Özelleştirmelerden, yabancı yatırımcı teşviklerine, kamu reformu yasa tasarısından bir takım mali reformlara, Anayasa değişikliği çabalarından AB uyum yasalarına kadar birçok mevzuda en ciddi direnişler genel anlamda bürokrasi cephesinden geldi.

Son olarak belki de Kürt Açılımı isimli sihirli demokratik açılımın en kolay ve basit adımlarından olabilecek Kürdoloji Bölümüne YÖK den “yok olmaz” cevabı gelmiş.

Sebep yok.
Yani YÖK.

YÖK’ü yok etmeyi birinci görevi sayan YÖK Başkanının halini merak ediyorum doğrusu.

Siyasi irade bir karar alıyor.

Demokratik Açılımın pratikte en masum uygulama alanında karşısına bir bürokratik kurum çıkıyor ve karizmayı çiziyor.

Daha YÖK’ün yok demesine engel olamayan bir sürecin,geleceğinden şüphe etmeyelim de ne yapalım?

Siyasetin Hükümet kanadı bedel ödemeye razı olduğunu deklere ettiği bir sürece, MHP ve CHP’nin vatana ihanet söylemleri ve hatta tehditleri arasında destek veriyor.

Üst üste gelen çok anlamlı bir biçimde gelen şehit cenazelerine rağmen kararlı bir duruş sergileme çabasında olan hükümete belki de en büyük köstek bürokrasiden geliyor.
Siyasetin ipini bürokrasi çekiyor.

Süreç ile ilgili en karamsar tahminim maalesef gerçek oluyor.

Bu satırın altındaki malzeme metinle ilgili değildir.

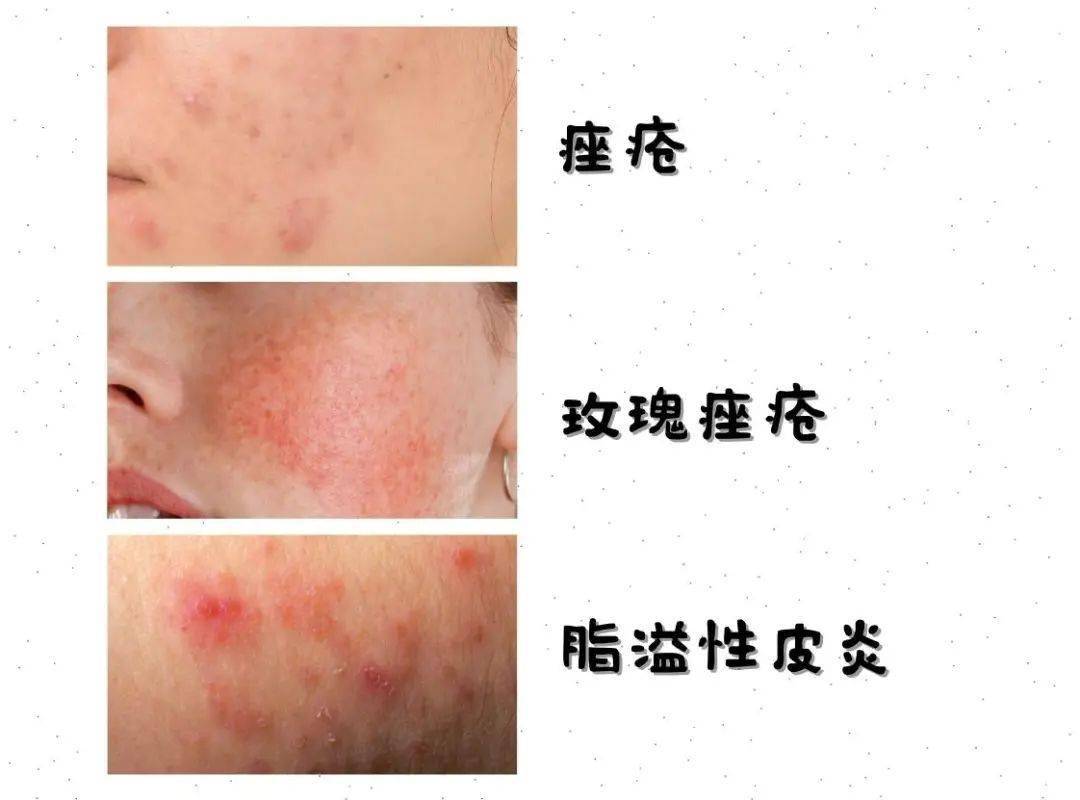 怎么又长痘还有可能是玫瑰痤疮和脂溢性皮炎哦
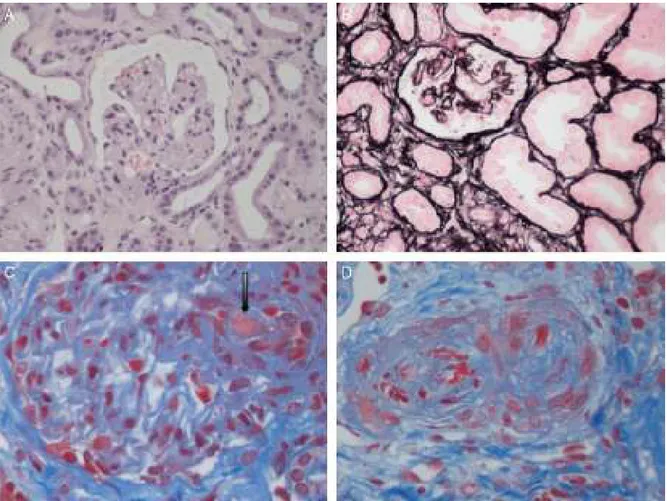 Fig. 1 – Renal histopathological lesions from haemolytic uraemic syndrome. (A) Ischaemic and retracted glomeruli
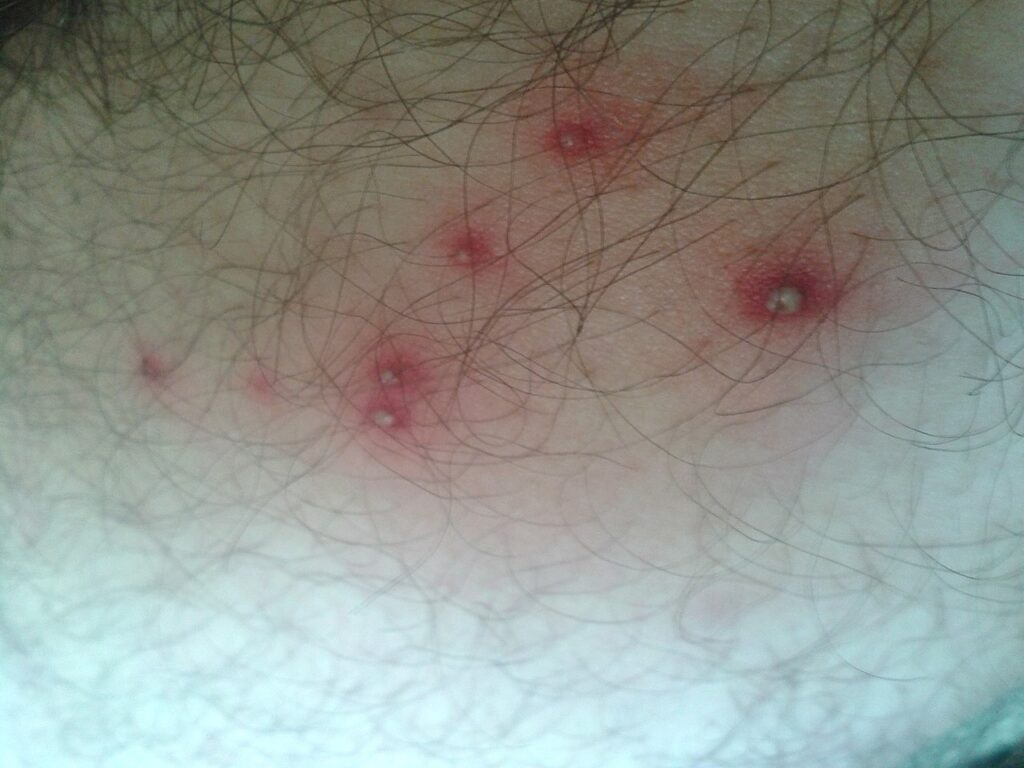 A cluster of bed bug bites on the skin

Bürokrasi maalesef ayak diriyor.

Aciz bırakıyor ve domine ediyor

Hatta provake ediyor.
İstisnaları elbette var.Ama olumsuzluklar o kadar hızlı yayılıyor ve tesirleri büyük oluyor ki!

Adı üzerinde olduğu gibi bürokrasi, biraz da ülkeyi klimalı, deri koltuklu, sekreterli, çaycılı geniş bürolardan yönetmek demek herhalde.

Sokağa, çarşıya pazara inmeden, halk ile bütünleşmeden büro ile lojman arasında dokunan hayat mekiği ile en masum en hayırlı en muhteşem açılımları tehdit olarak algılanmak muhtemeldir.

Siyaset öyle ya da böyle yapmak istediğini anlayacak ve hayata taşıyacak nitelik ve nicelikte bir bürokratik kadroyu devreye sokmadığı sürece, bir yandan yaparken diğer yandan yıkımlara engel olamayacak.